Facebook is today pledging to prevent misuse of its platform and protect the integrity of the coming Australian election, amid mounting global criticism of its performance.
The social media giant will temporarily ban all political advertisements purchased outside Australia, and has promised to “shine a brighter light on advertising”.
Facebook will introduce third-party fact checking of articles posted on its platform for the first time in Australia.
It has pledged to remove “fake news” that breaches its community standards and restrict the distribution of other articles which undermine “the authenticity of the platform”.
And it said today it would intensify crackdowns on bad social media behaviour, which gets more frequent at election time.
Facebook Australia’s policy director Mia Garlick said the company was “focused on protecting elections and making sure people have a voice in the political process”.
“Over the last few years, we’ve learned from elections around the world to create a robust approach to safeguarding elections on Facebook,” Ms Garlick said in a blog post.
“Our approach is multifaceted and includes finding and removing fake accounts, reducing misinformation, disrupting bad actors and increasing ads transparency.”
The company has been accused of allowing foreign intervention in the 2016 presidential election in the United States, and has been asked to give assurances it will fend off abuse in the May European elections.
Concerns about foreign interference in our own upcoming election grew in the wake of a cyber attack on federal parliament in February.
This week Facebook founder and CEO Mark Zuckerberg said the company had cleaned up its platform at a number of elections since 2016.
But he stressed: “I don’t think anyone can guarantee in a world where you have nation states that are trying to interfere in elections, there’s no single thing we can do and say OK, we’ve now solved the issue.”
For Australia, the company will “combat foreign interference” with the ad ban starting the day after Prime Minister Scott Morrison calls an election.
“The restriction will take effect the day after the election is called and will apply to ads we determine to be coming from foreign entities that are of an electoral nature, meaning they contain references to politicians, parties or election suppression,” Ms Garlick said today.

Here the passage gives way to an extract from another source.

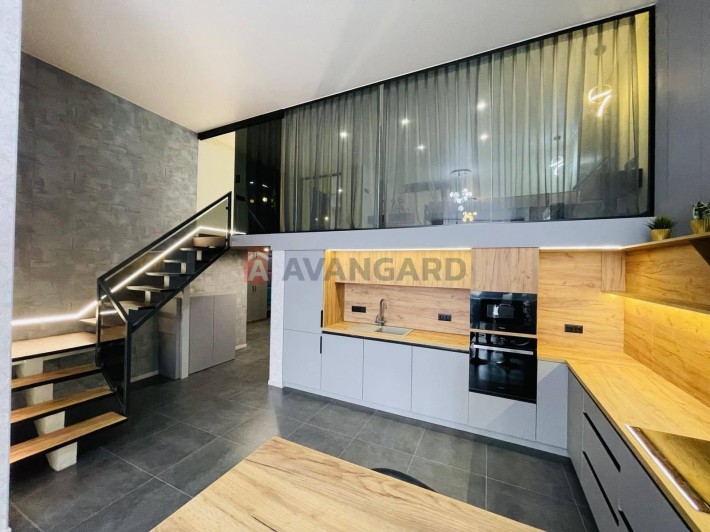 Ексклюзивний дворівневий пентхаус в центрі. All inclusive! - фото 1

“We also won’t allow foreign ads that include political slogans and party logos.”
Greater transparency will be applied to advertisements with Facebook updating information on its Ad Library feature “to make it easier to learn about all ads on Facebook and the Pages that run them”.
“The Ad Library now includes all active ads any Page is running, along with more Page information such as creation date, name changes, Page merges, and primary country location of people who manage Pages with large audiences,” she said.
“Shining a brighter light on advertising and Pages makes both Facebook and advertisers more accountable, which is good for people and good for democracy.”
Facebook has entered into a third-party fact checking deal for Australia with Agence France–Presse to “review stories, check their facts, and rate their accuracy”.
“The independent fact-checkers we work with are certified through a nonpartisan International Fact-Checking Network,” Ms Garlick said.
“Once a story is rated as false, we show it lower in the News Feed.
“In our past experience, once a story is rated as false, we’ve been able to reduce its future views by more than 80 per cent on average.”
There also will be a redoubled effort to reject “false news” which could be offensive.
“We remove content that violates our community standards, which helps enforce the safety and security of the platform.”
This could also involve removing or reducing the visibility of articles which “do not directly violate our community standards but still undermines the authenticity of the platform — like clickbait or sensational material.
Platform users will also be given “more context” around the information they see on Facebook.
For instance, when someone comes across a story, they can tap on the “About this article” button to see more details on the story and its publisher.
The other major Facebook measure will be the removal of fake accounts from the platform.
“We block millions of fake accounts at registration every day,” said Facebook.
“And we continuously build and update our technical systems to make it easier to respond to reports of abuse, detect and remove spam, identify and eliminate fake accounts, and prevent accounts from being compromised.
“We’ve also made improvements to recognise these inauthentic accounts more easily by identifying patterns of activity, without assessing account content.
“Globally, we took action on more than 1.5 billion fake accounts between April and September 2018, either during the registration process or within minutes of the account being created.
“We found 99.6 per cent of these accounts using technology before anyone reported them to us.”
The company says it will also increase safety and security efforts to tackle all kinds of “inauthentic” behaviour and abuse on the platform. that includes acts like phishing, harassment and threats of violence.
“We know that all of these tactics can intensify during elections, which is why we invest in a combination of expert resources and technology to find, disrupt and remove this type of behaviour,” Ms Garlick said.
“We now have more than 30,000 people working on safety and security across Facebook, three times as many as we had in 2017.
“We have also improved our machine learning capabilities around political content and inauthentic behaviour, which allows us to better find and removing violating behaviour.”
She said Facebook wanted to send a clear message ahead of the election.
“Through this work, we want to make it harder to interfere with elections on the platform, and easier for people to make their voices legitimately heard in the political process,” she said.
“We have dedicated global teams working around the clock on every upcoming election around the world, including the federal election in Australia.”